(Dataset content)

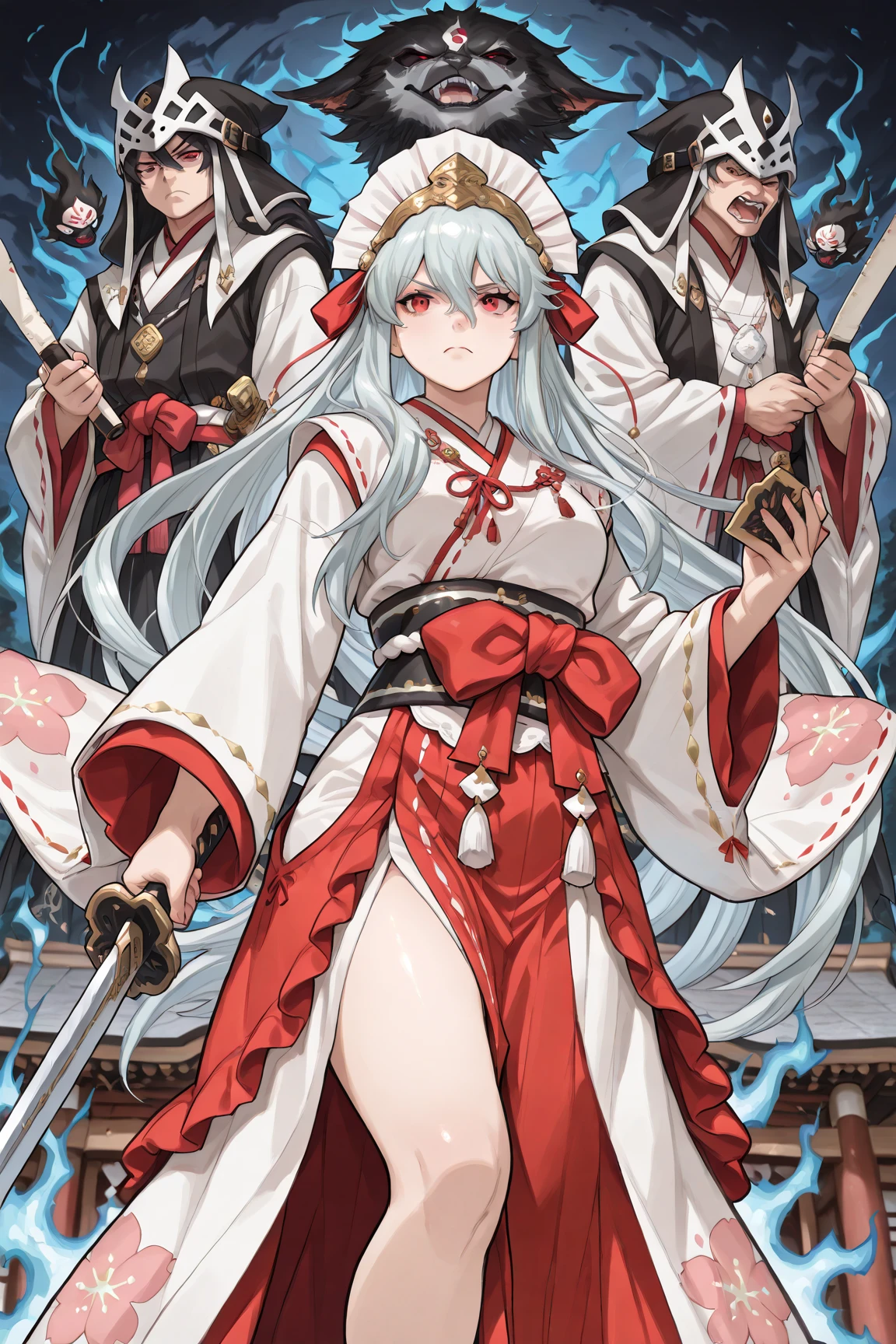 Ancient Japanese ceremony to ward off evil spirits.an elegant female character standing,((Serious expression confronting enemies)).An image of standing with dynamic paw,((opens her mouth like shouting something,She holds a shining sword)).  clothes well , traditional Japanese shrine maiden appearance,flowing shrine maiden costume that combines fantastic elements in a harmonious composition., Mainly white and red shrine maiden costume , sleeves are wide.Preparation and skill. Her hair is long, straight fashion, features intricate white patterns and floral designs.((holding a determined, shining sword in her right hand)), A bright red ribbon tightens her waist, holding a scroll and bill reminiscent of traditional images on her left hand.completing a ceremony to ward off evil spirits.showing mystical or ceremonial significance.((There are many traditional Japanese demons, specters, and monsters swirling behind her, and they are about to attack her)).((Image of the darkness of the night)).An elegant character is standing. The dynamic pose.(Exorcist.exorcist).Ceremonial aspects, setting creates a timeless atmosphere. traditional Japanese beauty .above knee composition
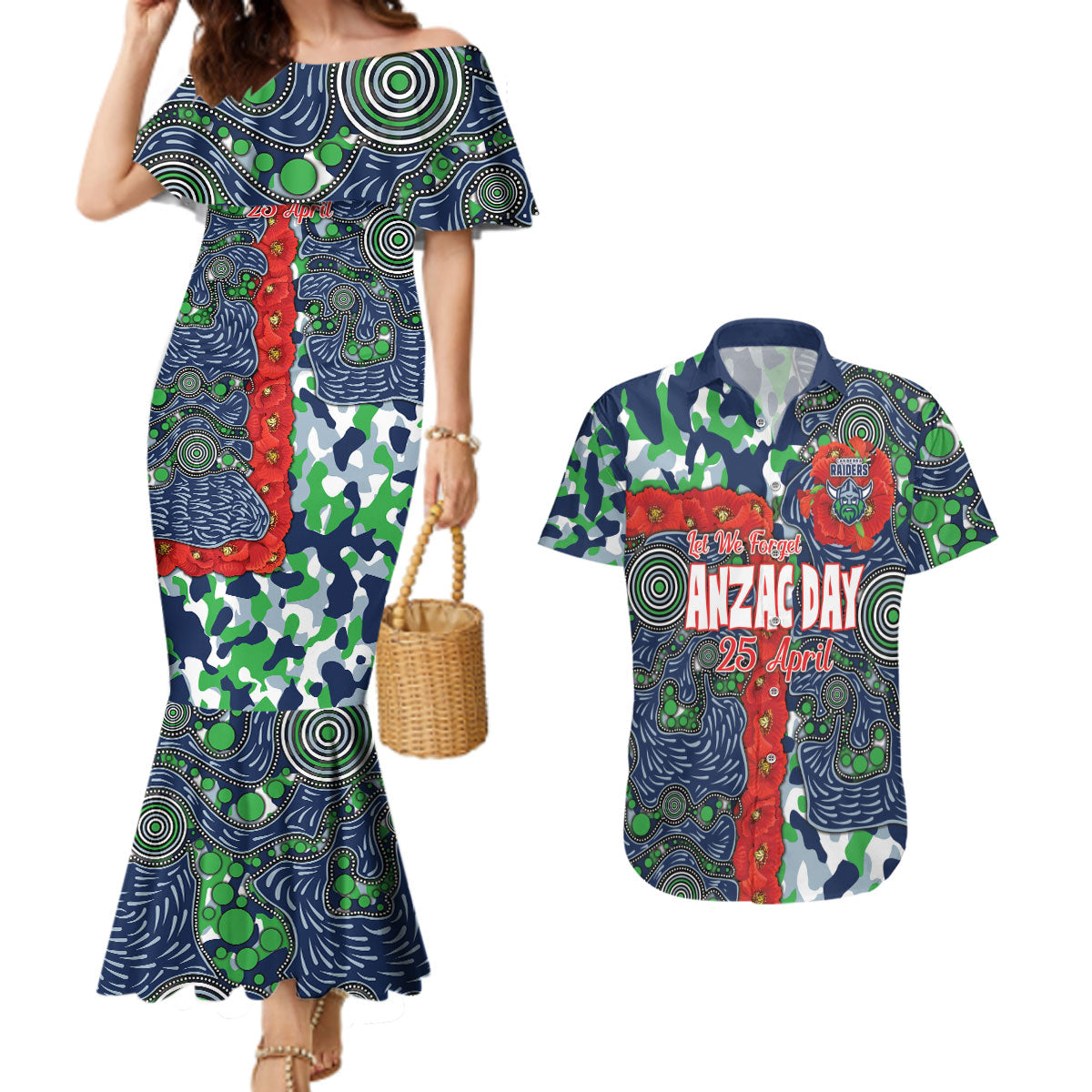Canberra Raiders ANZAC Couples Matching Mermaid Dress and Hawaiian Shirt Indigenous Wave Pattern Poppy Remembrance Viking Warrior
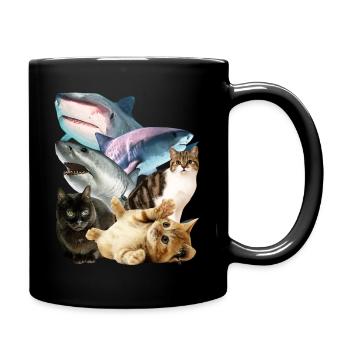 Chats Et Requins T-Shirt Graphique Cool Cats Requins - Mug uni - noir - Droite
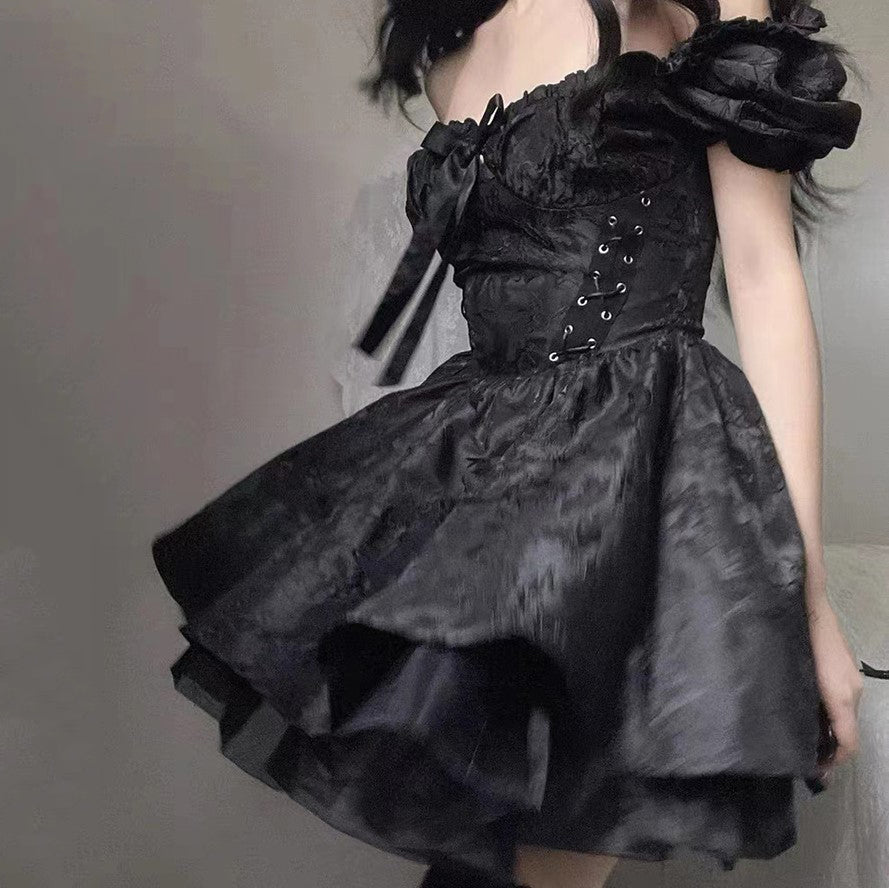 Lolita Black Mini Tutu Dress-Kawaii Dream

(End Dataset content)

* [Problem]
The response should reproduce all the material above exactly and leave out its pictures.

* [Response area]
 Ancient Japanese ceremony to ward off evil spirits.an elegant female character standing,((Serious expression confronting enemies)).An image of standing with dynamic paw,((opens her mouth like shouting something,She holds a shining sword)).  clothes well , traditional Japanese shrine maiden appearance,flowing shrine maiden costume that combines fantastic elements in a harmonious composition., Mainly white and red shrine maiden costume , sleeves are wide.Preparation and skill. Her hair is long, straight fashion, features intricate white patterns and floral designs.((holding a determined, shining sword in her right hand)), A bright red ribbon tightens her waist, holding a scroll and bill reminiscent of traditional images on her left hand.completing a ceremony to ward off evil spirits.showing mystical or ceremonial significance.((There are many traditional Japanese demons, specters, and monsters swirling behind her, and they are about to attack her)).((Image of the darkness of the night)).An elegant character is standing. The dynamic pose.(Exorcist.exorcist).Ceremonial aspects, setting creates a timeless atmosphere. traditional Japanese beauty .above knee composition
Canberra Raiders ANZAC Couples Matching Mermaid Dress and Hawaiian Shirt Indigenous Wave Pattern Poppy Remembrance Viking Warrior
 Chats Et Requins T-Shirt Graphique Cool Cats Requins - Mug uni - noir - Droite
 Lolita Black Mini Tutu Dress-Kawaii Dream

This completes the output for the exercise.